WHAT THE TASK ASKS → Below are entries with pictures among them; reproduce exactly, and only, the lines from the one containing "марихуана Рыбинск" down to the one containing "这本书对于学习英语会有帮助，有些简单的句子挺实用，值得入手。", without the pictures.
____ ENTRIES SUPPLIED
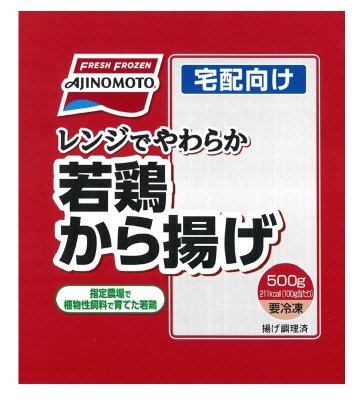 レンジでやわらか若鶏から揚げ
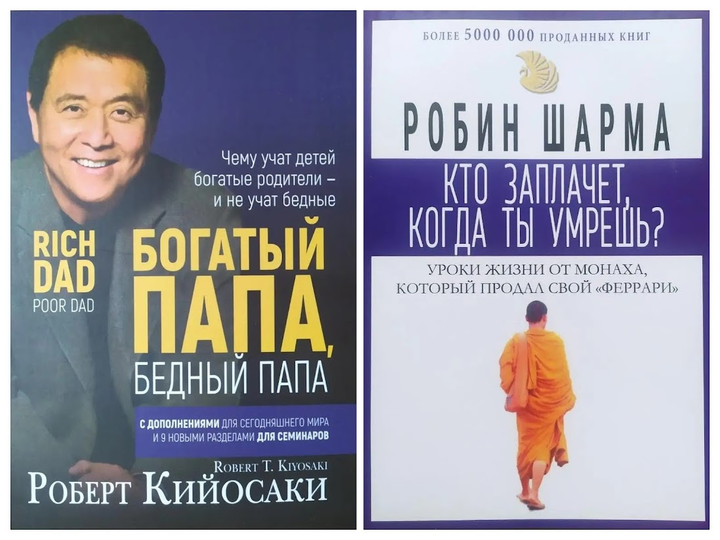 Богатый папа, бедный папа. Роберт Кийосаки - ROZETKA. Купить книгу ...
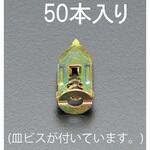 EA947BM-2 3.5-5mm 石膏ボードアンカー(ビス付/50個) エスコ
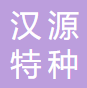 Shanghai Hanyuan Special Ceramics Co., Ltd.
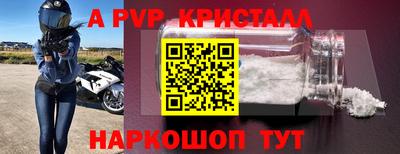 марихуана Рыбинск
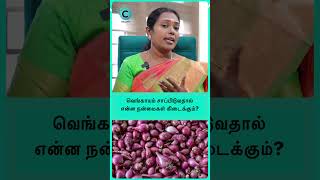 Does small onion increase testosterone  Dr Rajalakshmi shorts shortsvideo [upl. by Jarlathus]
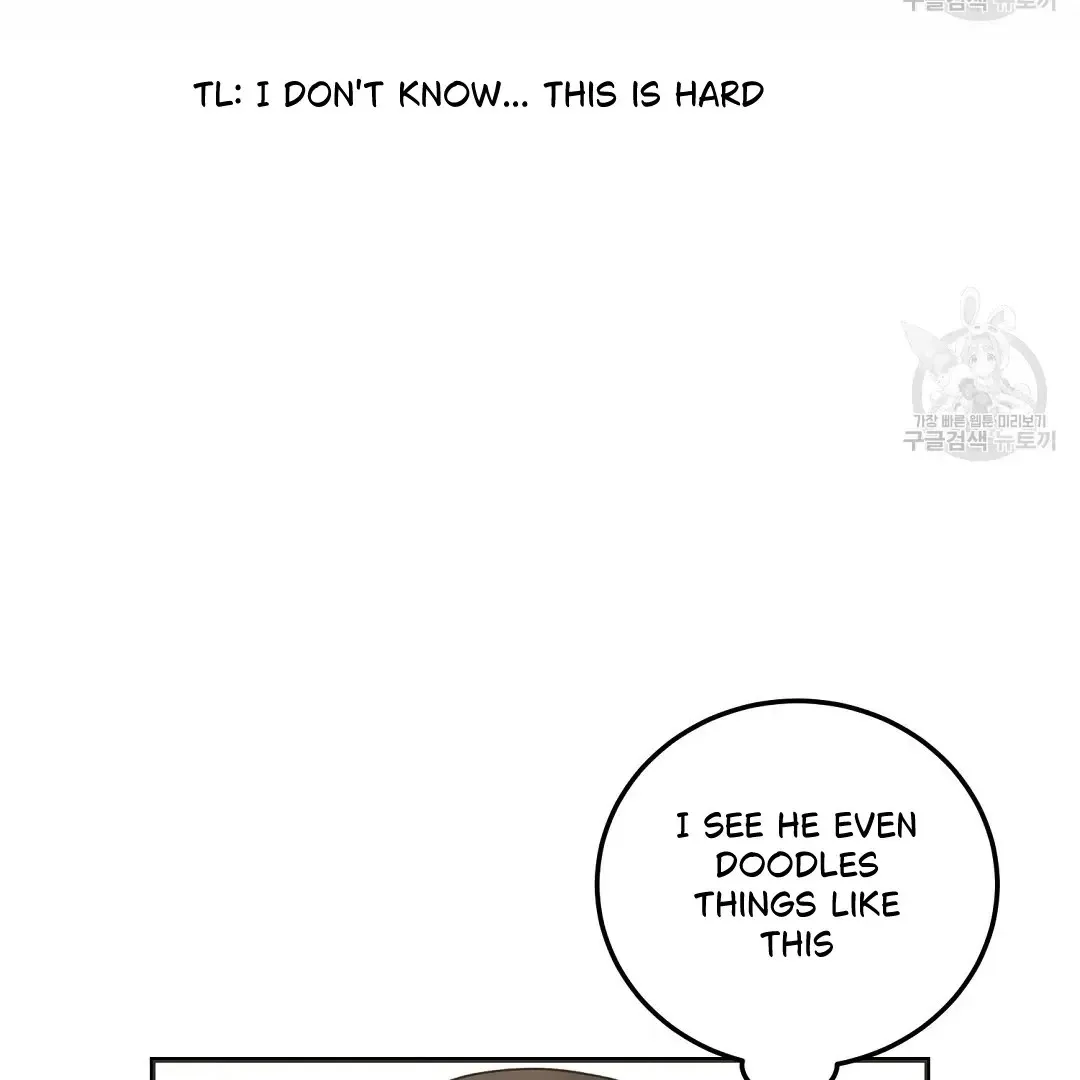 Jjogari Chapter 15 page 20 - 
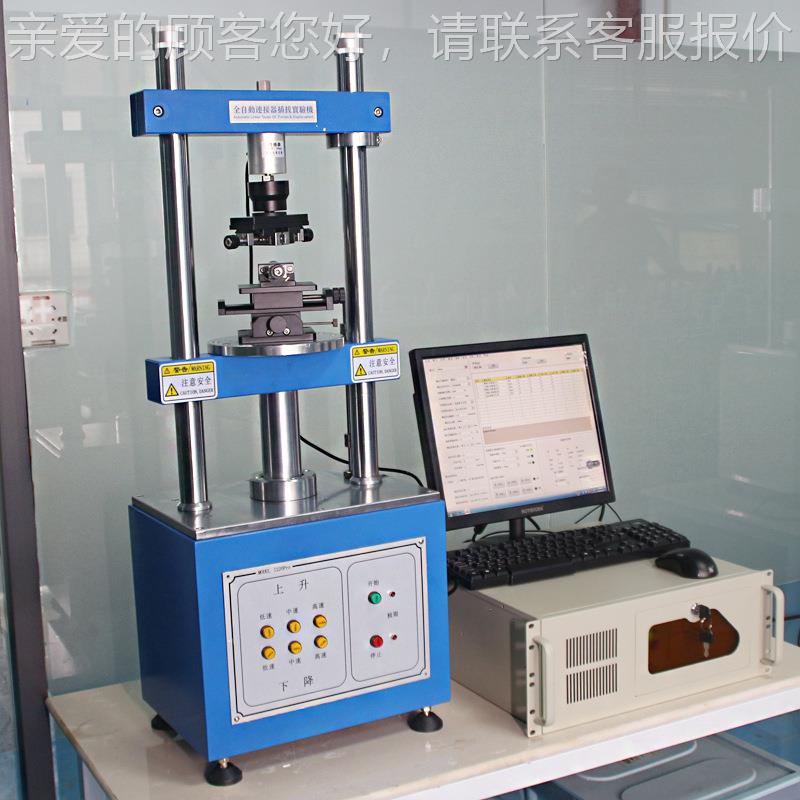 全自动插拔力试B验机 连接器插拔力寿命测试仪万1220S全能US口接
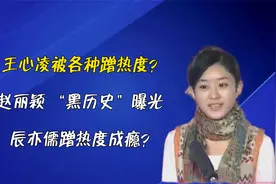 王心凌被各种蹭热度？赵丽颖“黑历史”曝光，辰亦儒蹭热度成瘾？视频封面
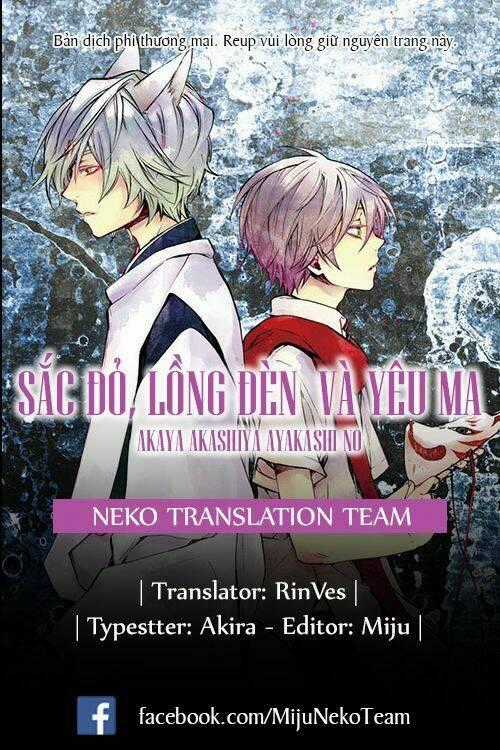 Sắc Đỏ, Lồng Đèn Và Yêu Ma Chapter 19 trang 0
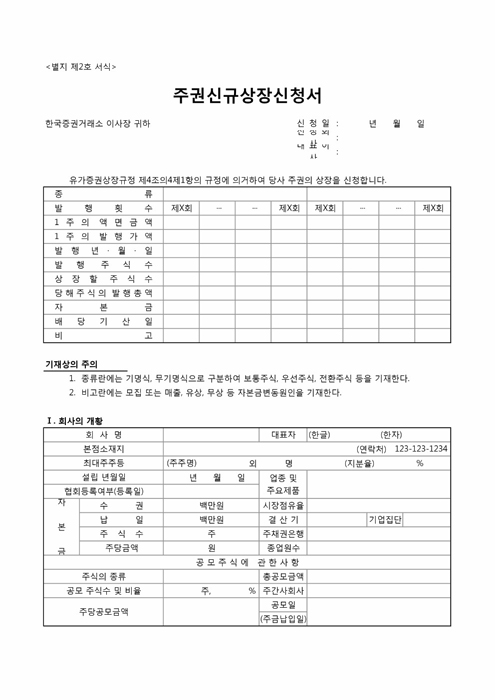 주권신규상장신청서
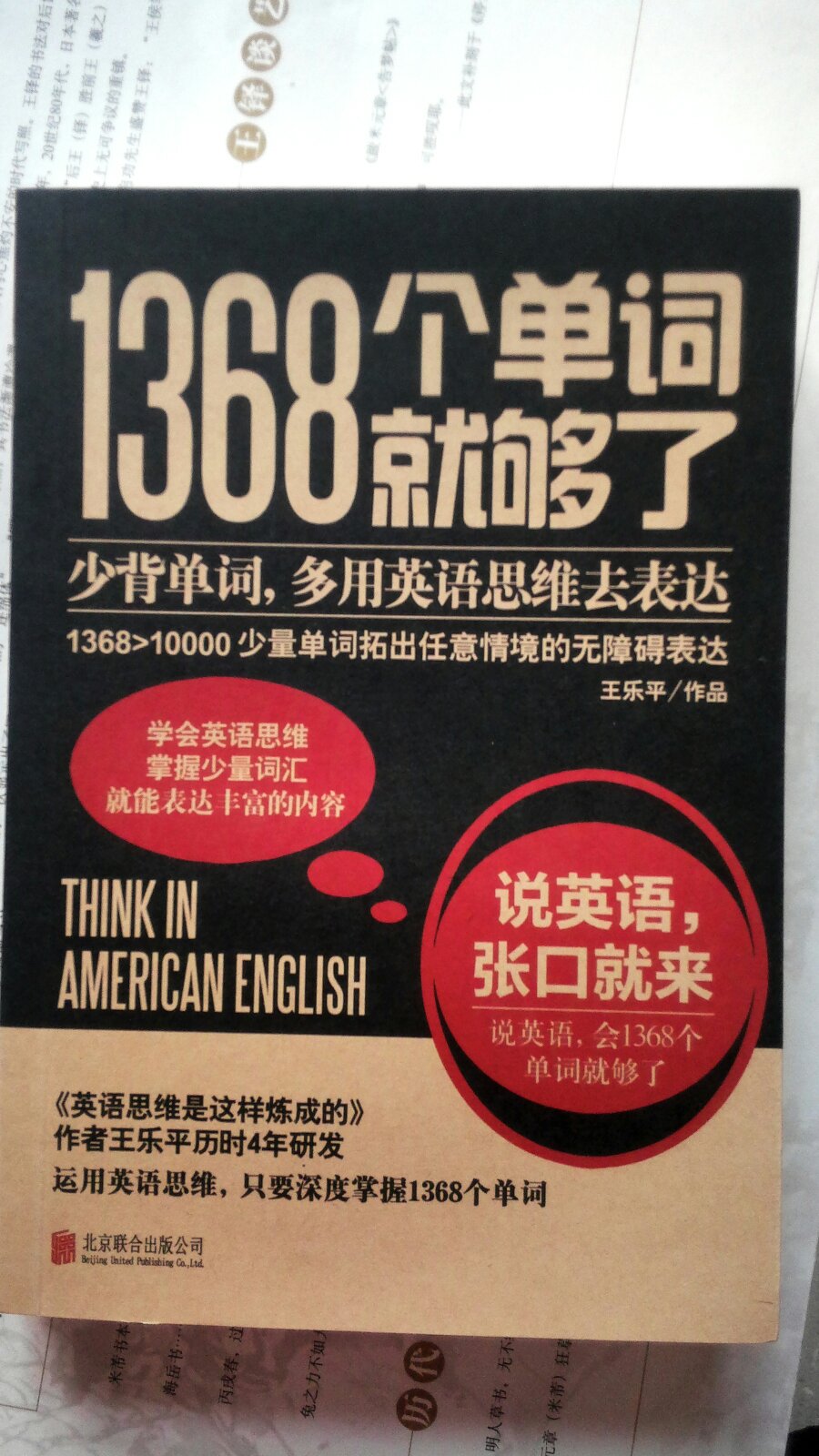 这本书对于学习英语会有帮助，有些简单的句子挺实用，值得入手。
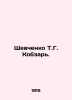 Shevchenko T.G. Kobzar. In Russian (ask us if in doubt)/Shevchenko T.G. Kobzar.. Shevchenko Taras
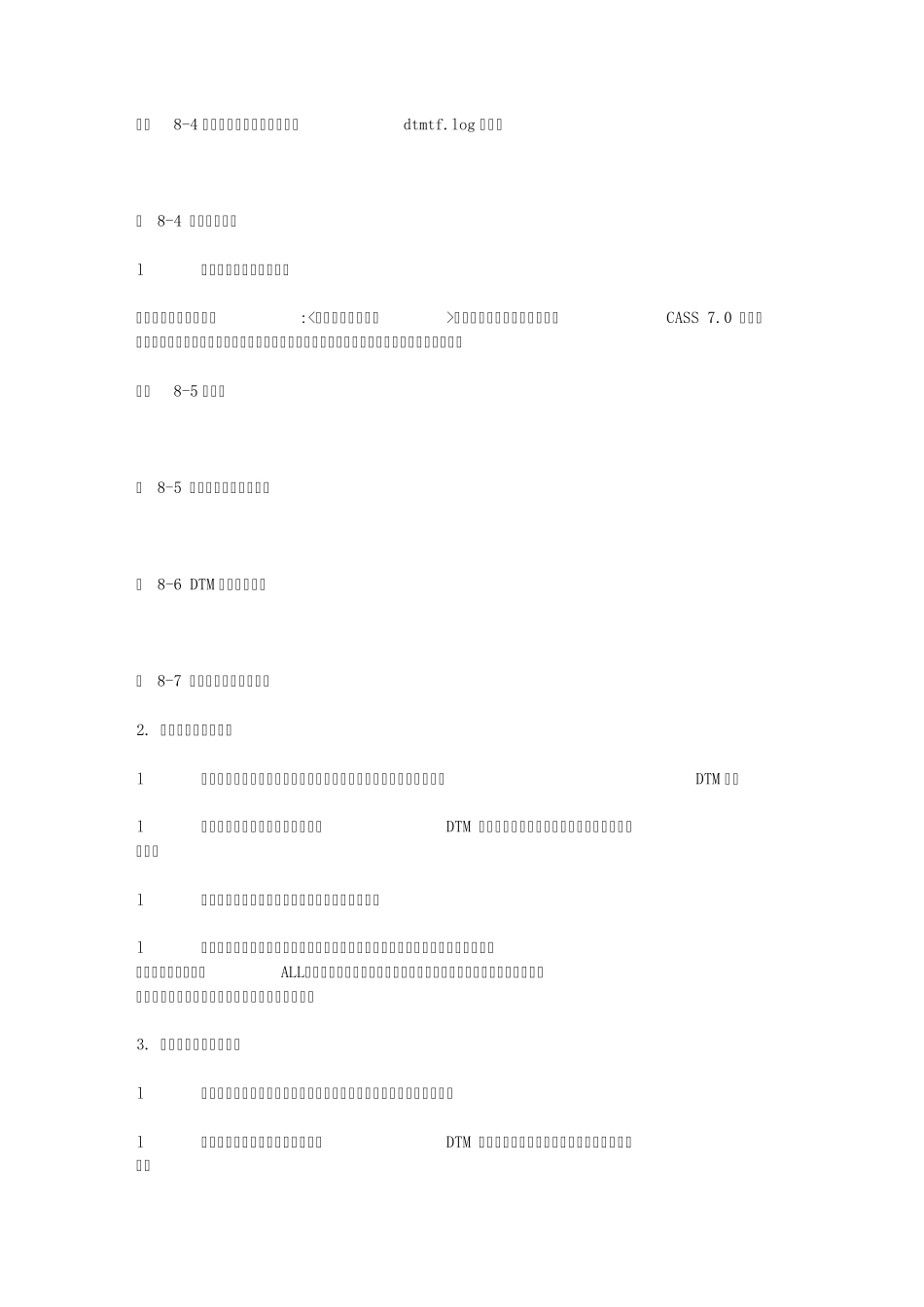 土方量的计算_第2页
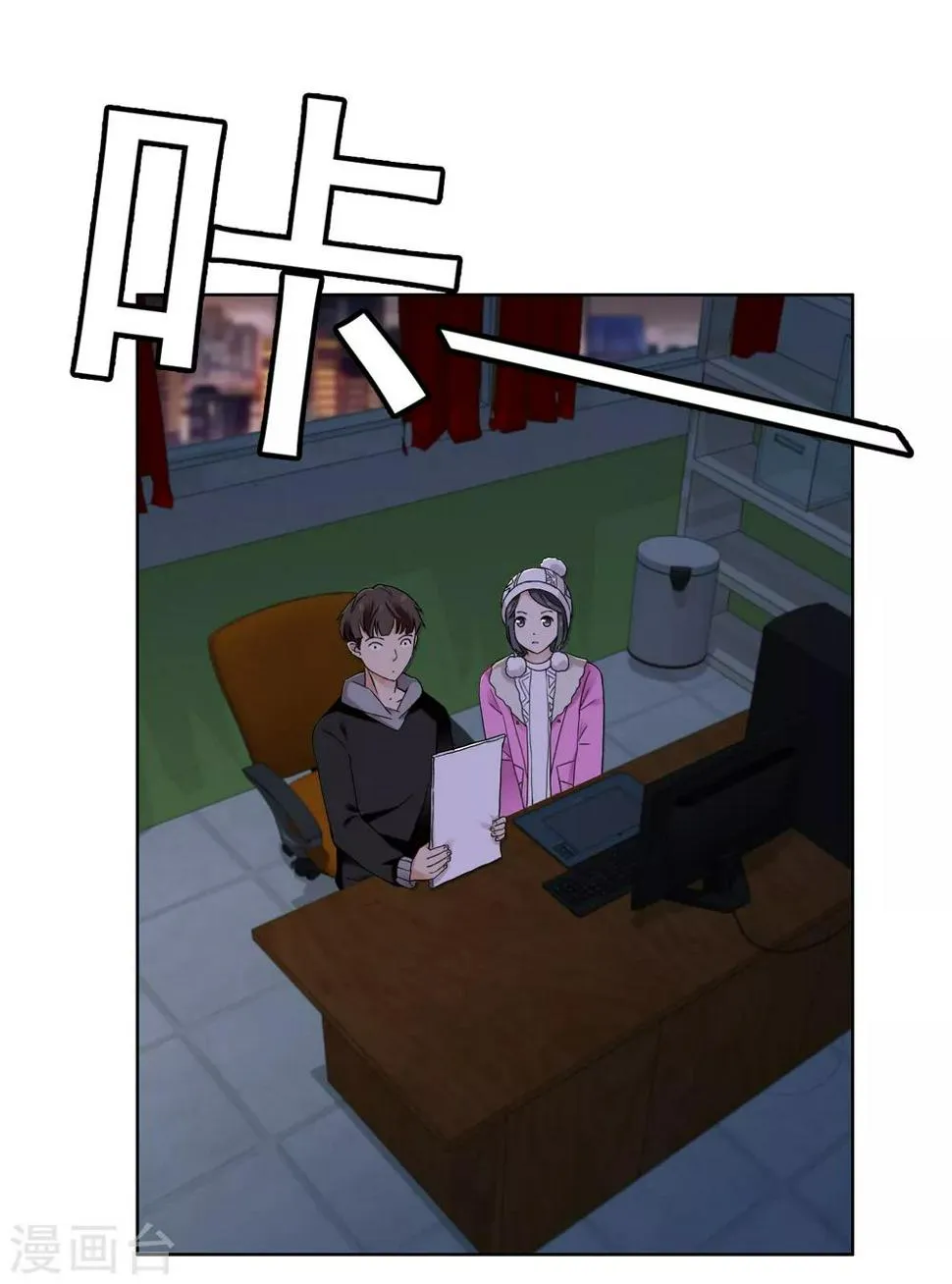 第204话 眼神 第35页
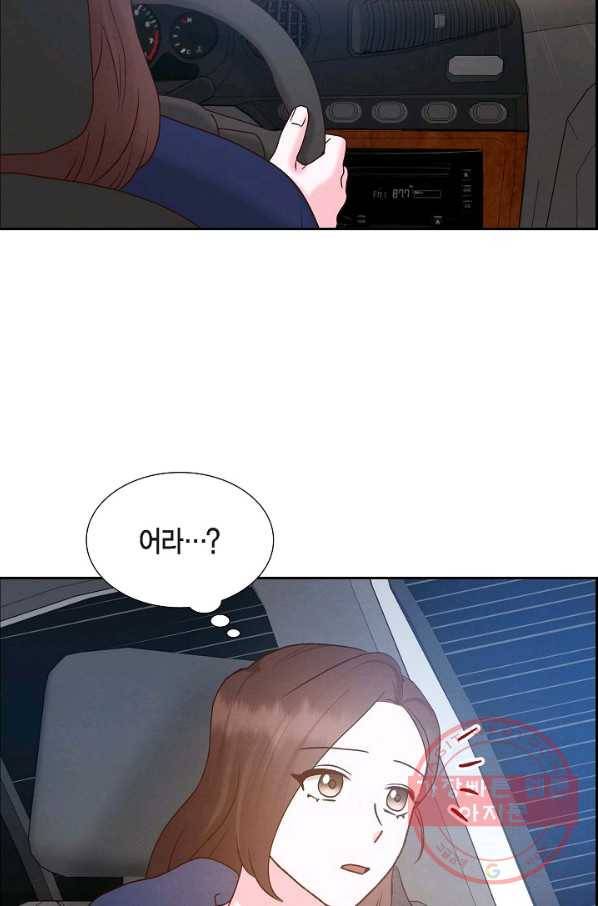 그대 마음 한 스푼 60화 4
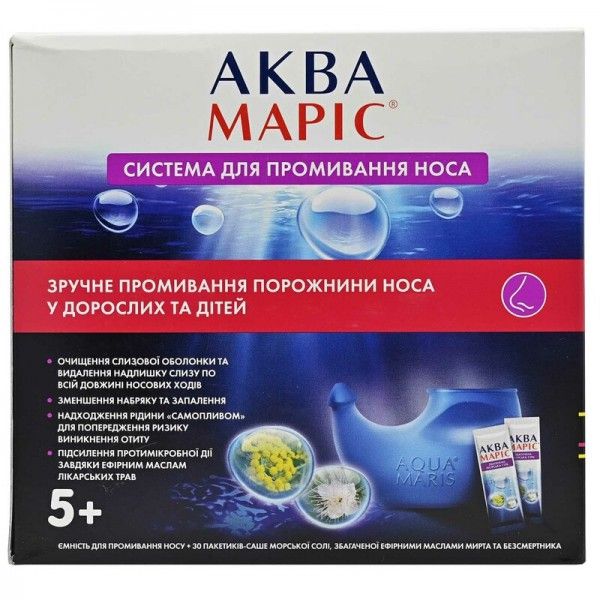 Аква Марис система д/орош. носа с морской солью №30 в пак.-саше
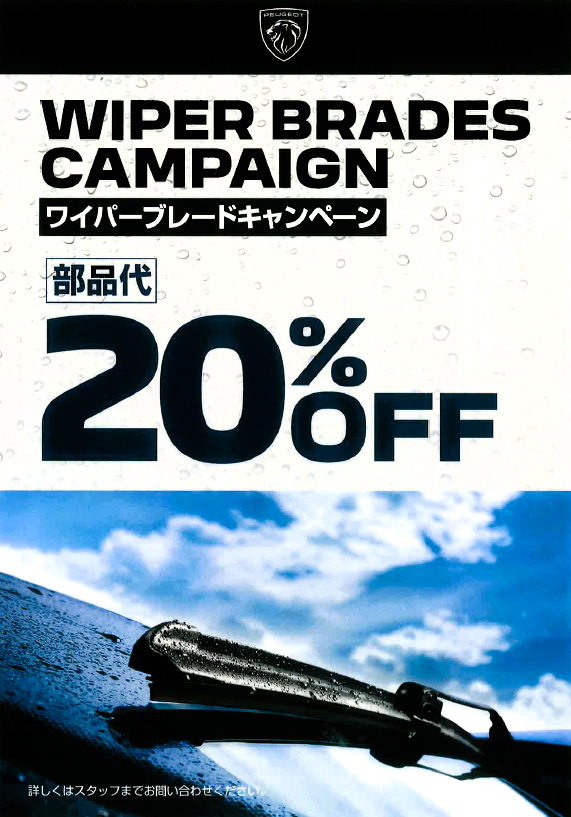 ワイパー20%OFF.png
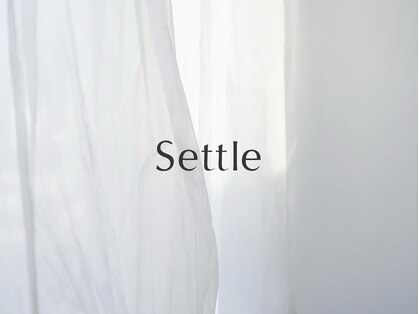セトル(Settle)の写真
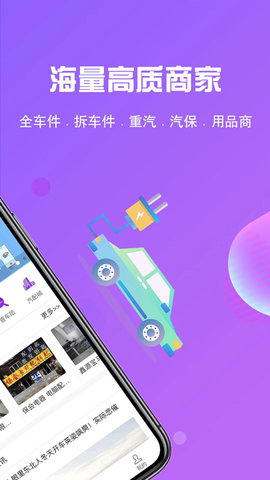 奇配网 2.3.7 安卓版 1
________
TASK OUTPUT →
 марихуана Рыбинск
 Does small onion increase testosterone  Dr Rajalakshmi shorts shortsvideo [upl. by Jarlathus]
 Jjogari Chapter 15 page 20 - 
 全自动插拔力试B验机 连接器插拔力寿命测试仪万1220S全能US口接
 王心凌被各种蹭热度？赵丽颖“黑历史”曝光，辰亦儒蹭热度成瘾？视频封面
 Sắc Đỏ, Lồng Đèn Và Yêu Ma Chapter 19 trang 0
 주권신규상장신청서
 这本书对于学习英语会有帮助，有些简单的句子挺实用，值得入手。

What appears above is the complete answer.